Below are records with pictures; copy word for word only the lines between the line with "Отель Astra Hotel Мальта, Слима" and the line with "3 pair of vintage ice skates in bot... 3", inclusive, and drop the pictures.

Material to process =>
↓

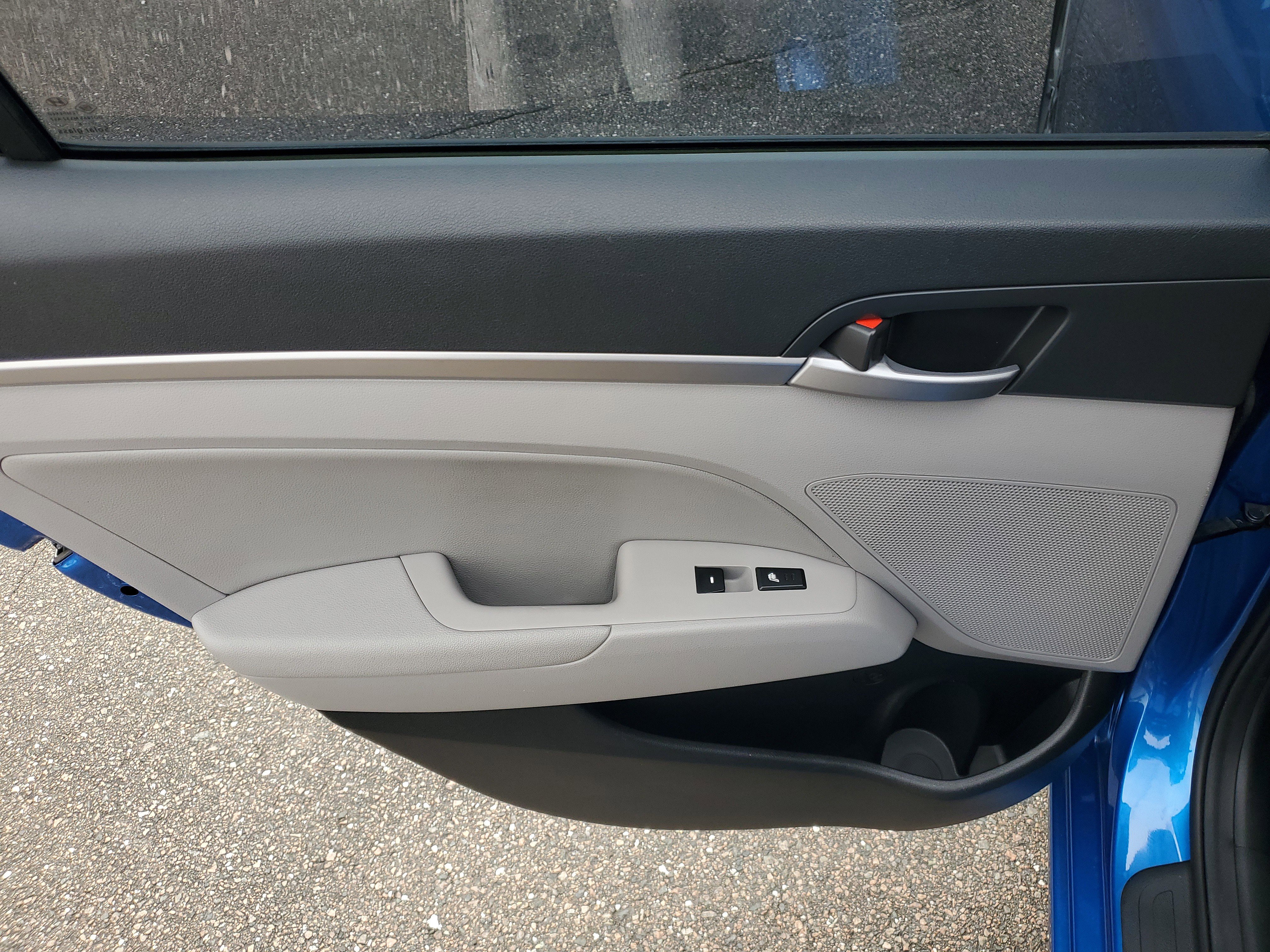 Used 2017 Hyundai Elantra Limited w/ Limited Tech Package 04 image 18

↑
↓

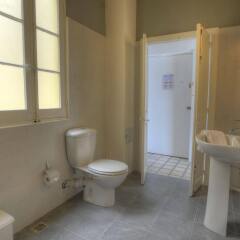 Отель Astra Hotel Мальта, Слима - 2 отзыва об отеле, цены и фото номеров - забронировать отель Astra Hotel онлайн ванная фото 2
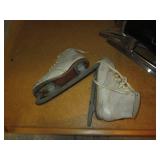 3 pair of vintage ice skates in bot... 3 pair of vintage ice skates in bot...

↑

Answer to this task =>
 Отель Astra Hotel Мальта, Слима - 2 отзыва об отеле, цены и фото номеров - забронировать отель Astra Hotel онлайн ванная фото 2
 3 pair of vintage ice skates in bot... 3 pair of vintage ice skates in bot...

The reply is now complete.